Guia de Viagem

Globalização – Medo, Preconceito e Visão

Ana Martins
1 de março de 2017

Globalização ou não? É esta a escolha dos eleitorados europeus em 2017. Paira ainda no ar a poeira do terramoto político de 2016 no Ocidente. Ao longo deste ano, vamos ver onde a poeira irá assentar. Por cá, aguardam-se ansiosamente os resultados da onda de eleições que começa já em março nos Países Baixos, passando por França em maio e pela Alemanha em setembro – três países onde a extrema-direita tem hipóteses de chegar ao poder. Depois da reviravolta do Brexit e das eleições americanas, teme-se o pior na Europa. Mas pode ser que do caos instalado por aquela nuvem de poeira possa ainda emergir um projeto europeu com novo alento.

“Inflamam-se os sentimentos recalcados pela moral prevalente; promete-se um regresso às origens idealizadas, a um passado que nunca existiu; culpam-se as elites e os imigrantes por um presente terrível que também não existe”

Bem antes do aberrante fenómeno Trump atingir os EUA, a retórica populista e os movimentos nacionalistas que alimenta já vinham ganhando tração na Europa. Inflamam-se os sentimentos recalcados pela moral prevalente; promete-se um regresso às origens idealizadas, a um passado que nunca existiu; culpam-se as elites e os imigrantes por um presente terrível que também não existe. A única coisa que existe, aliás, é o medo de que o populismo se faz valer. Esse, sim, é bem real. E é esta a realidade ignorada, ridicularizada e esquecida pela qual os partidos de centro estão agora a pagar.

“Não admitir a pertinência de cenários alternativos não é argumento, é arrogância”

Bem vistas as coisas, também o centro europeu se serviu da retórica do medo ao fazer a apologia do status quo como direção única e óbvia para os membros da UE. Não admitir a pertinência de cenários alternativos não é argumento, é arrogância. É uma oportunidade perdida para realçar as vantagens da direção que é posta em causa pelos partidos de protesto – neste caso os valores da diversidade e do mercado livre bem como uma visão favorável à globalização – que se tornaram “dogma morto”, usando a expressão de John Stuart Mill.

Pluralismo e liberdade de expressão

As ideias do pluralismo e da liberdade de expressão defendem-se, em parte, precisamente para garantir que o que se aceita como verdade o seja por convicção, não por preconceito. Afinal de contas, quem não consegue defender em debate os valores que lhe são incutidos pela sociedade, não sabe porque os defende de todo. Limitar-se a chamar todas as visões contrárias de ultrapassadas, perigosas e “deploráveis” é já uma desistência do que se pensa defender, e é ignorar o grão de verdade que outras posições podem conter.

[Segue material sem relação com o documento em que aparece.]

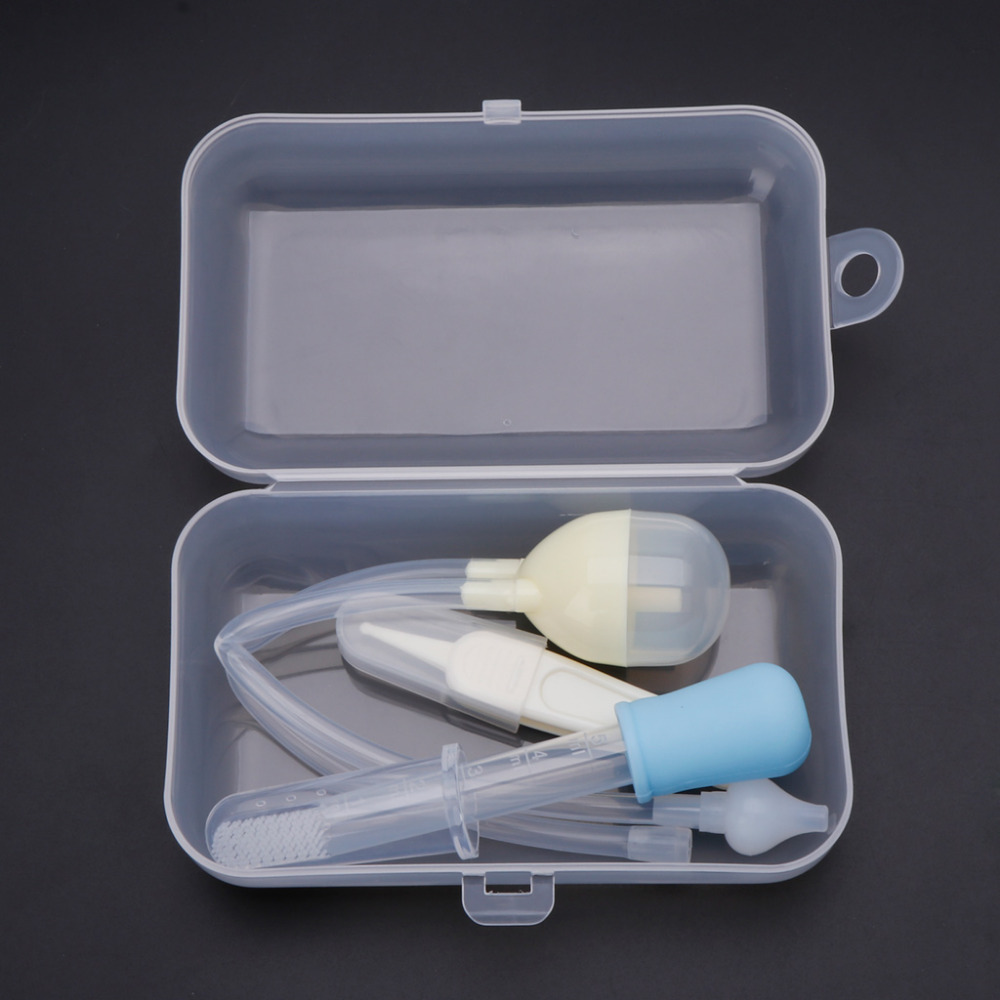 4Pcs Newborn Baby Care Kit Healthcare Nasal Aspirator Dropper Feeder Nursing Kit MAY21-B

O medo é real. O terrorismo existe. A diversidade implica perda de homogeneidade. Uma sociedade aberta convida constante transformação e adaptação. Há razões válidas para as pessoas preferirem o que lhes é familiar ao que lhes é desconhecido. Há também boas razões para vivermos em países com economias abertas, que trazem prosperidade, desenvolvimento e variedade e lidam conscientemente com os desafios que estas implicam.

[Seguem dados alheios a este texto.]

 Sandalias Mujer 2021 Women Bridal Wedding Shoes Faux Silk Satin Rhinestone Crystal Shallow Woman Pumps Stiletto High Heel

Talvez Trump tenha sido a melhor coisa que aconteceu à perspetiva da globalização. Talvez a sua administração histérica e caótica enfraqueça o apelo do que os seus homólogos defendem na Europa. Talvez os defensores europeus do nacionalismo, encorajados pela sua vitória, caiam na arrogância que fez os seus rivais perderem território. E talvez estes rivais, agora sensíveis aos medos dos europeus, ofereçam uma visão convincente de uma Europa aberta – entre si e ao mundo.